# Hi from NZ!



## ditzydoo (Jul 23, 2008)

hi everyone im Tui ive just joined
ive been riding all my life (beware i am only 14 lol)
competed and done PC since i was five im now a showjumper competing 1-10m this is my boys 
1st pic:me and craig wainui ODE (pre-t)
2nd pic pic: tally (mums baby)
3rd pic: dayo (my baby but gave him to my sis)
4th pic: hokey L (our three year old)craig R (my sjer)
love to get know everyone and see there babies as well!!


----------



## ohmyitschelle (Aug 23, 2008)

Aw! So nice to see a fellow Kiwi here! Your babies are gorgeous... love all the photos! 
Chelle x


----------



## Jehanzeb (Nov 2, 2008)

A very warm welcome to this forum. I always wanted to go to NZ, specially after watching a documentry where they showed the high hills, and some beautiful places!

Whenever I get time, will def visit NZ (What's the best time to visit NZ like in terms of tourism?).

Hope you enjoy your stay here 

Regards


----------



## bnwalker2 (May 18, 2007)

Welcome to the forum! Your horses are gorgeous!


----------



## Painted Ride (Jun 30, 2008)

welcome to the hf!! i love your babies!!! they are beautiful!!!


----------



## kickshaw (May 7, 2008)

welcome to the HF! beautiful horses!


----------



## free_sprtd (Oct 18, 2007)

welcome!

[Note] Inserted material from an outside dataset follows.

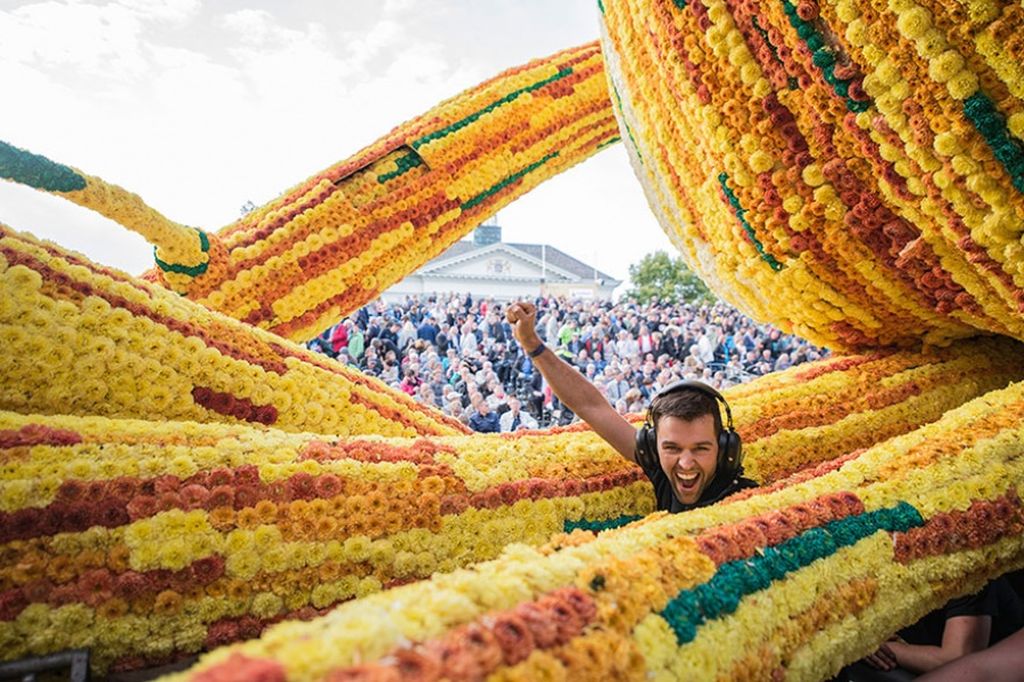 Фестиваль цветов «Bloemencorso» в Голландии посвятили Ван Гогу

Your horsees are gorgeous!


----------



## buckaroo2010 (Nov 7, 2007)

Welcome to the Horse Forum!
you ahve very very pretty horses!!


----------



## ditzydoo (Jul 23, 2008)

thanks soo much feel very welcome!! 
l ove my babies there such sweethearts 
took my chestnut out to day (craig) he was so good only took one rail in the 1m and double clear in the 1m5 was absolutley over the moon!! so happy with him doing the 1m10 next time !!


----------



## ohmyitschelle (Aug 23, 2008)

Oh well done!!! I was at the Royal show the other day... watching the 1m classes and was nearly peeing my pants at the thought of jumping even half that height!!! 
x


----------



## ditzydoo (Jul 23, 2008)

yer ometimes it can be petty scary only just managed to start jumping thi height used to struggle making it over 40cms!! but have started riding my isters boy and has given me a lot of confidence as im a VERY nervy rider and loved dressage as it was really hard to end up on the ground!! XD 
but its alot easier now you just close youre eyes and hope for dear life to mak it to the other side!!:lol:


----------



## ohmyitschelle (Aug 23, 2008)

hahaha!!!
im a nervy rider too! loveeee dressage, and when my horses don't have to be off the ground for very long at all! lol!


----------



## ditzydoo (Jul 23, 2008)

thats the reason i loved dressage no one ever gets hurt in dressage lol well except my sister who managed to get consussion in it!! but she is just accident prone too!! 
was at puhinui today watching da cross country and was peeing ma self aat even jumping that height i dont mind sj its jus xc as those jumpis dont come down if you hit them:shock: 
lol


----------



## ohmyitschelle (Aug 23, 2008)

God the wee girl who rides my pony Bailey for me... wants to do eventing next season... I'm like... ahhhh  I think Bailey could do it and she loves the sport... but I'm gonna be on nervous Mummy on the sidelines!!!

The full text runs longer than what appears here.